What I find remarkable is how it seems about 99% of the population is so naive as to demand that the politicians 'represent the public' and have some agenda based on what's good for society, what they think is right, apart from any other considerations - while such people exist, and are called the candidates who get about 0.5% of the vote, and have no power.
When the system absolutely requires the politicians to choose between compromises and getting almost no votes, what's the point of all the criticism? It's misdirected. Most politicians, from what I see, hate the same thing the public does, but that doesn't change things. So what about any ways to improve things? Well, look no further than the public, who can't be bothered to make that a priority.
They'll scream bloody murder over the resulting policies, but fall asleep if you bring up the systemic issues that cause those bad policies. So what does a politician do when faces with having to enact bad policies, while dealing with a screaming public who hates the policies but won't get behind fixing the system? That's why we have all the spin and misleading.
Don't look at Bush screwing the public by appointing the foxes to guard the henhouse on regulations - instead remember he's the guy who will protect you from being killed by terrorists, so who cares about regulators?
And if that's not enough, 'look at those pansy democrats, with their $400 John Edwards haircuts, aren't they so bad you have to pick the republicans'?
I think most politicians are in a situation of having to make the compromises and they sleep at night by trying to do some good when they can. They all have a few items trying to do some good on their agenda. And they can rationalize by figuring that someone else in their spot would be even worse.

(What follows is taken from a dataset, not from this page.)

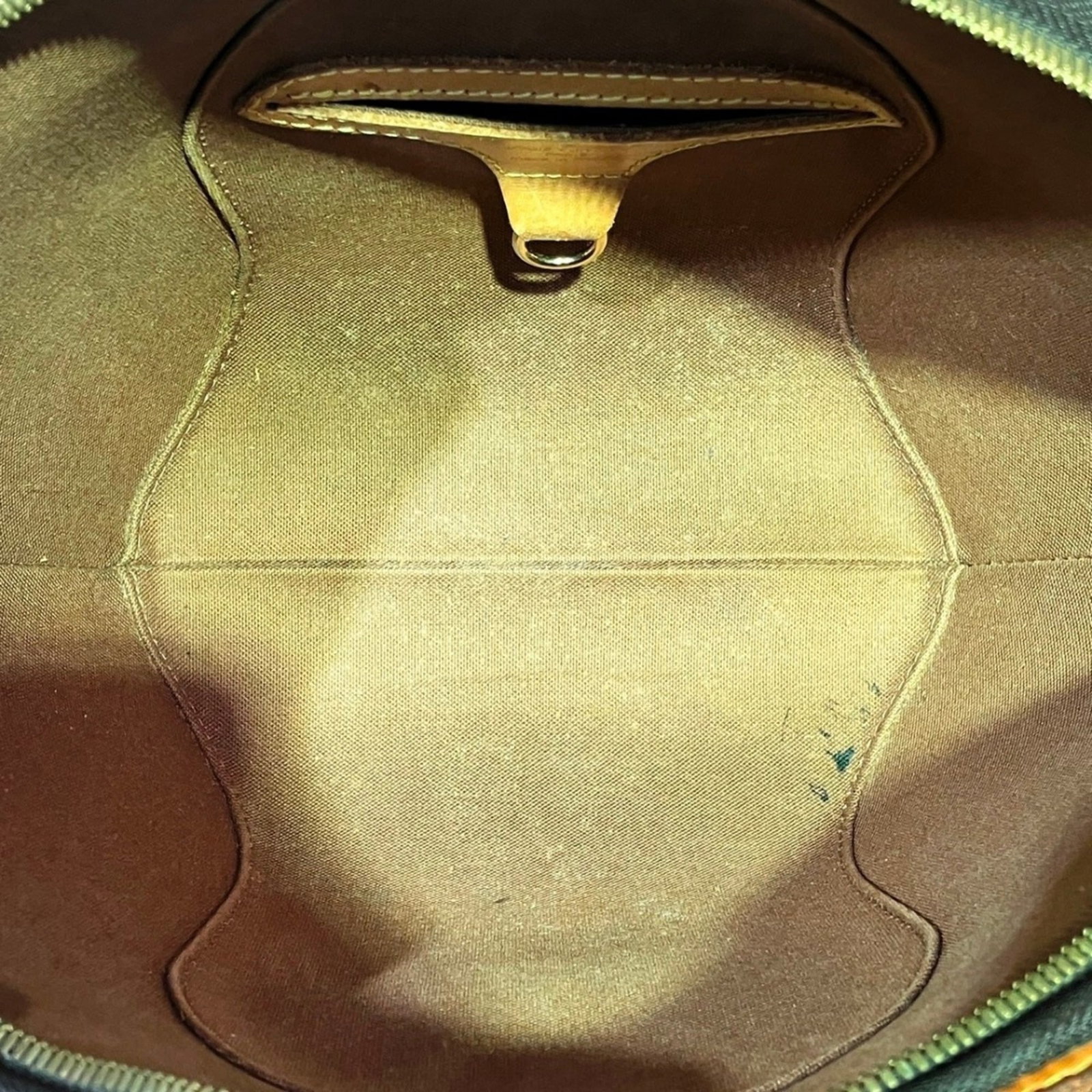 Louis Vuitton Handbag Monogram - 7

We can say the solution is 'get the money out of the campaigns' all day, but it's like saying 'eat healthier and exercise more' to our ever-larger population. Instead, the voters themselves make compromises, and just ignore the system while having generally disfavorable views (under 30% approval for republican bush and the democratic congress), and this leaves them pretty powerless, combined with their being pretty lazy for the most part.

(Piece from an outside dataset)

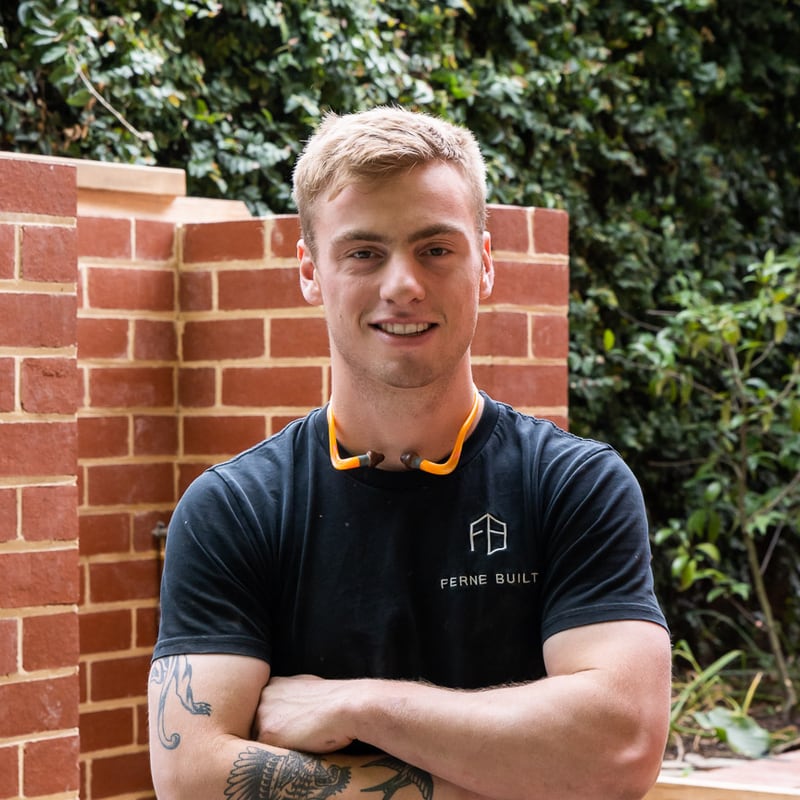 Kasper, Ferne Built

And yet for all that people aren't *really* dissatisfied despite the threatening deficits and the Iraq war. I think most people's real boundaries for foreign policy is not creating gas ovens to burn innocent people like the nazis on the one hand, and not allowing constant terrorist attacks or military invasion of the US on the other. The rest is all with people's comfort level of 'maybe it's wrong, but the US is still powerful and Americans are ok'.

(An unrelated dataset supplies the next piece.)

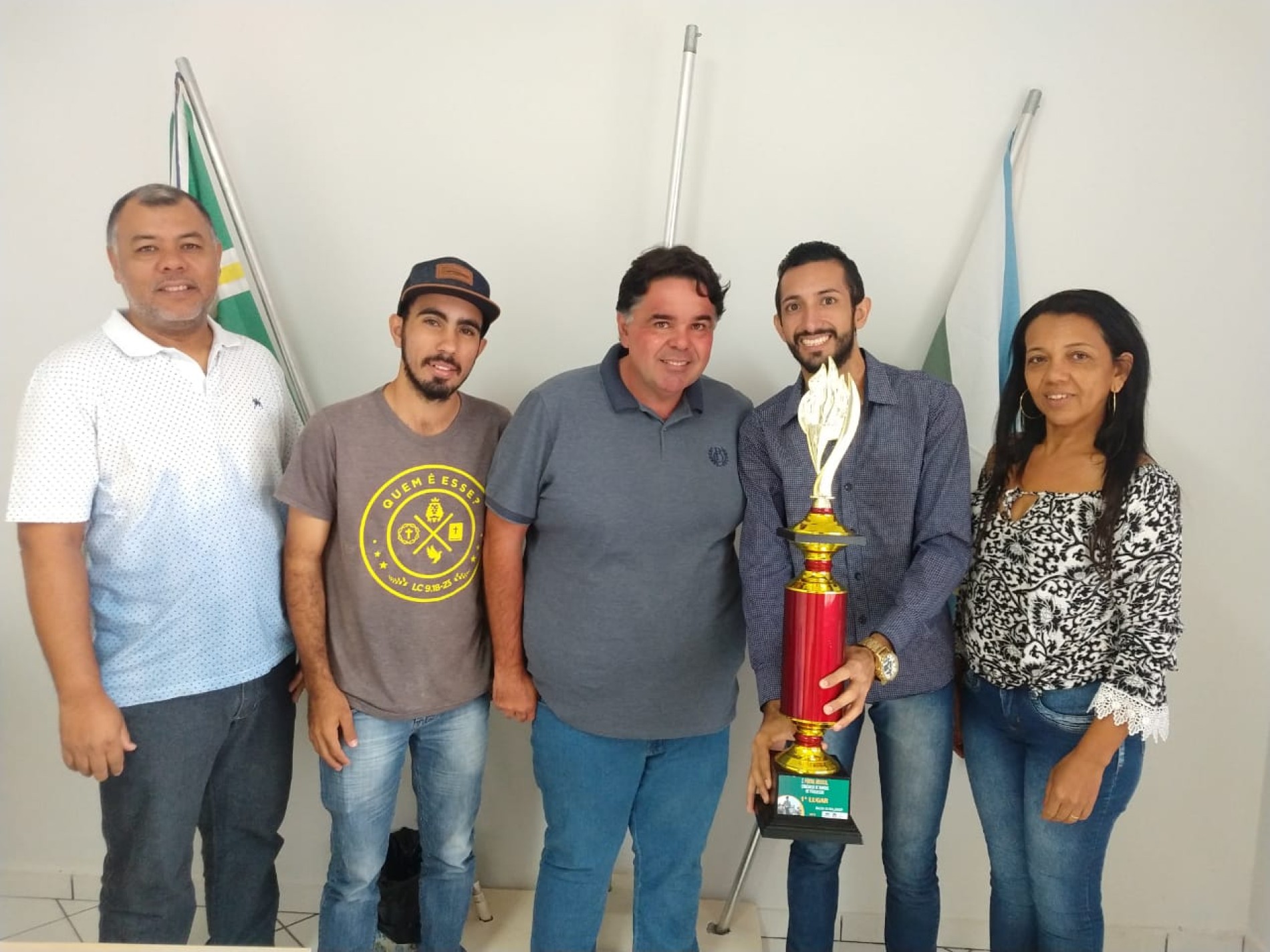 PREFEITO RECEBE REPRESENTANTES DA BANDA MUNICIPAL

Frankly, I think we need some sort of fundamental changes to fix a system where a Viet Nam war - political driven by misguided leadership at the expense of millions of lives - can happen because Americans feel like 'well, we have to fight (daily evil horde, in this case global communism, today it's global Muslim terrorism)'.
The same audience that enjoys prosperity in America is not exactly going to set policies for what happens to people in some overseas land with as much care as those people would like. This is why even in Viet Nam, is was that tens of thousands of Americans killed and not the millions of Vietnamese (and Cambodians, including the later victims caused by destabilizing the government), were the factors changing public opinion.
There's a fundamental problem that there's profit to be made by exploiting others, and the civilian population of the nation who stands to gain, whatever nation, is pretty easily persuaded to go along - often in blissful ignorance.
What can be done? For a start, getting the money out of the campaigns. And the readers snoozes, until the day they're the ones on the receiving end of the bad policies, which will not happen for most of them, since the US does take care of its own for the most part.